Max could feel it - the pull to the young man in front of him. This was why he’d been waking up. The third child from his memories. “It’s you! Do you remember us?” Max stopped the tricycle, hopping off the seat. Isobel stepped down off the back wheel bars reluctantly, eyeing the boy suspiciously. He was barefooted and dirty - his clothes worn in comparison to the nice clothing the Evans kept Max and Isobel supplied with. When he didn’t respond, Max pressed on. “I’m Max, and this is my sister Isobel. I don’t remember your name, but I remember us being together in the green place-”
“I don’t remember you.” The boy cut him off, keeping the knife trained on them.
“You’re fibbing.” Isobel accused. “I can tell.”
“Isobel.” Max lectured.
“What? You honestly don’t believe a word of it either.”
“Why don’t you tell your Church Bell to shut her sauce-box?” The boy snapped at Max.
“Why don’t you try and make me you pigeon-livered-” Isobel began.
“Hey, hey, c’mon.” Max kept himself between them. “Look, what’s your name?”
“What’s it matter to you?” The boy replied. “You're clearly living the high life. What’s some guttersnipe off the orphan train matter to you?”
Max couldn’t help but feel hurt at his words. He remembered waking up in the caves - somewhere green and damp. The three of them had survived for a time alone in the woods until they’d gotten too close to town. Then they’d been taken to the Orphanage. He hadn’t liked it - it had been crowded and noisy and dirty. Then the Evans had come to take him and Isobel away with them. He’d never known what happened to the other boy until now. Couldn’t have imagined that someone hadn’t taken him in - but apparently they hadn’t. He’d heard of the orphan trains - kids brought out to be auctioned off to the farms and ranches for work. “But… you’re like us. I know you can feel it.”
“I don’t need you. I don’t need anyone.”
Isobel huffed. “Bully for you. We’ll just go then.” She stormed back to stand next to the tricycle.

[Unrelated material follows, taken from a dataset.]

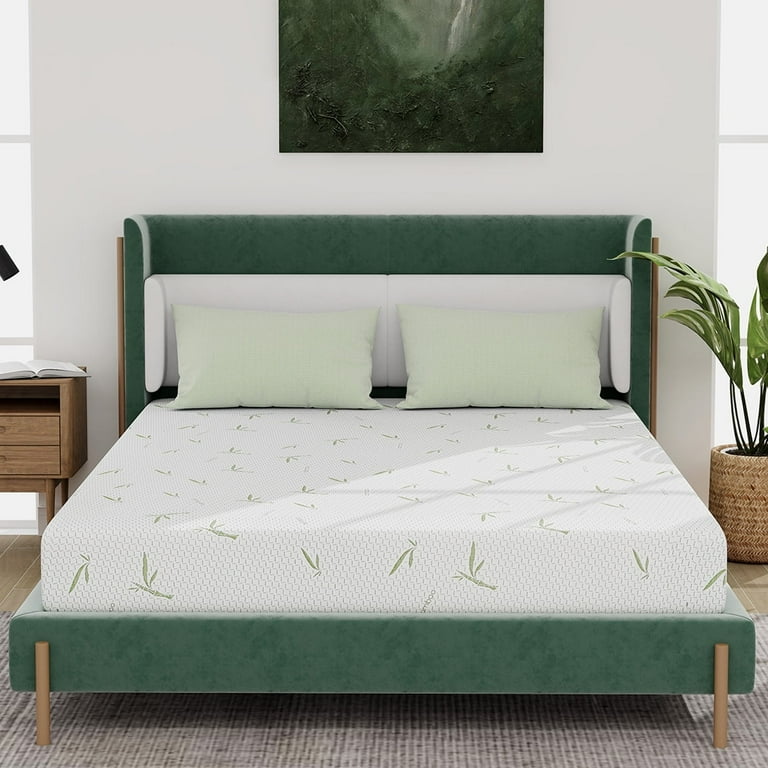 8'' Memory Foam Mattress Green Tea Mattress Medium Firm,Twin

“Will you at least tell me your name?” Max tried one last time.
“... it’s Michael.”
Max hesitated, before pulling out a small bag from his pocket. “I have some gum drops-”
“I don’t need anything.”
“I’ll just leave them here, and you can take them or not…” He set them on the fence post, before going back to the tricycle where Isobel was pretending to not watch the exchange. Michael didn’t say anything more as he turned the tricycle around and head back up the road.
“Waste of good gumdrops, bet he doesn’t even take them.” Isobel huffed once they were far enough away to be out of earshot.
“I’m coming out again next week.” Max told her. “You can come or not.”
“Don’t be daft, of course, I’m coming.”
Max felt something settle in him at her words. Because somehow he knew this was right. Three of them. There had always been meant to be three of them.